# Arlo and Savannah at the river



## arlo (Mar 11, 2013)

Well we wangled a few hours to ourselves and headed off to the coast, not many dog friendly beaches in striking distance but when we got there the tide was so in it was half way up the slip road and there was no beach! So I remembered a nearby pinic spot I used to take the kids when they were little by the river. We had a good time, well the dogs did me and the OH were on permanent stand by to dive in and save them! We are so paranoid. Savannah was a real strong swimmer and would have headed off down river, Arlo only done a few strokes when he fell off the shallower ledge. We didn't have the confidence to take them off their lines. How precious these dogs are to us is ridiculous, but love them so much. We will get them to the beach one day!


----------



## mairi1 (Mar 12, 2012)

Ah...they certainly are water babies 

Molly has never been in past knee level!!! 

xxx


----------



## wilfiboy (Sep 18, 2010)

Great pictures they did really well, I would have been bricking it...I'm like neurotic mum when mine are near deep water I hate it lol ....don't mind a trickling stream or a babbling brook ...I just don't want to go in after them


----------



## dmgalley (Aug 19, 2012)

What brave water babies!! 

Sent from my SGH-T989 using Tapatalk 2


----------



## Marzi (Sep 17, 2012)

How lovely for them, Savannah particulalry looks as if she had the very best time! And lucky you with that delightful aroma of river dog you must have had in the car on the way home 

Is Savannah's leg all better now, no more recurring limp.


----------



## Tinman (Apr 23, 2013)

What a fab idea to have the line on the. And very safe, 
They look like their having a great time.
Ralph swam properly for the first time last weekend, proper doggy paddle, ruby is still at the paddling stage!!
The only problem with cockapoos swimming is they seem to retain water and stay wet for ages! X


----------



## dio.ren (Jan 18, 2013)

So cute bet they had a great time!


----------



## arlo (Mar 11, 2013)

Tinman said:


> What a fab idea to have the line on the. And very safe,
> They look like their having a great time.
> Ralph swam properly for the first time last weekend, proper doggy paddle, ruby is still at the paddling stage!!
> The only problem with cockapoos swimming is they seem to retain water and stay wet for ages! X


Savannah kept rubbing against me to dry! After being in the car just over an hour, when we got home they were completely dry.

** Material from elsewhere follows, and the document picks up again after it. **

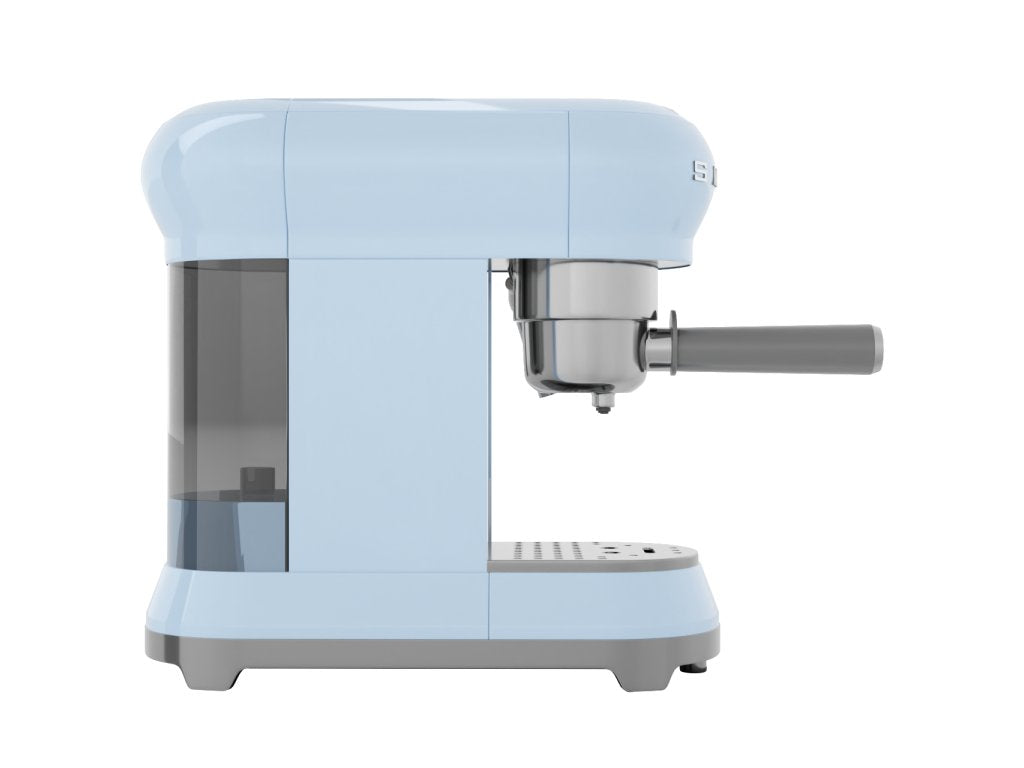 Smeg Halvautomatisk kaffemaskin 50'S STYLE ECF01PBEU, pastellblå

Twice my OH pulled Savannah in twice but through him panicking not her! There was no coaxing her she was straight in. Glad Ralph enjoyed his first swim, Ruby probably thinks he's mad


----------



## arlo (Mar 11, 2013)

Marzi said:


> How lovely for them, Savannah particulalry looks as if she had the very best time! And lucky you with that delightful aroma of river dog you must have had in the car on the way home
> 
> Is Savannah's leg all better now, no more recurring limp.

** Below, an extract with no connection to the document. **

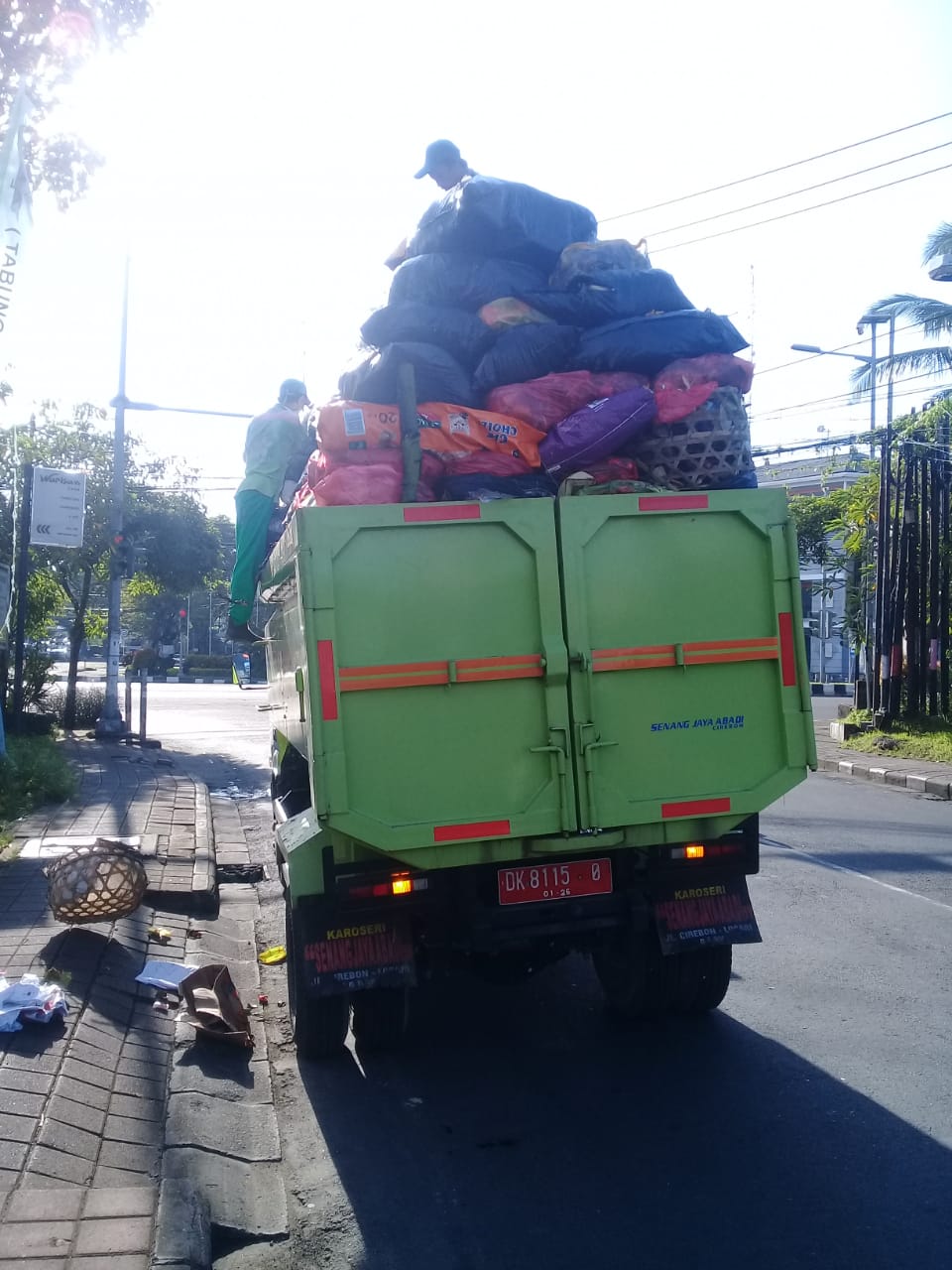truk sampah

They didn't actually smell to bad, we took for a paddle after where the water was running quite clean.

Thankfully Savannahs leg seems fine. 

It was your inspiring photos that made me arrange the trip, so thank you, but couldn't believe we couldn't get on beach!


----------



## Tinman (Apr 23, 2013)

arlo said:


> They didn't actually smell to bad, we took for a paddle after where the water was running quite clean.
> 
> Thankfully Savannahs leg seems fine.
> 
> It was your inspiring photos that made me arrange the trip, so thank you, but couldn't believe we couldn't get on beach!


Where abouts in Wales are you?
We are in north Wales conwy most weekends and they have a fab beach with no dog restrictions, I know a lot of the beaches don't have dogs between may & September.
Also went to one in Anglesey - which had a designated side for dog owners,


----------



## arlo (Mar 11, 2013)

Tinman said:


> Where abouts in Wales are you?
> We are in north Wales conwy most weekends and they have a fab beach with no dog restrictions, I know a lot of the beaches don't have dogs between may & September.
> Also went to one in Anglesey - which had a designated side for dog owners,


We are in South Wales, there are some beautiful dog friendly beaches in West Wales where we used to have the caravan, hoping maybe to go for a couple of nights later in the year. Ralph and Ruby must love your weekends away


----------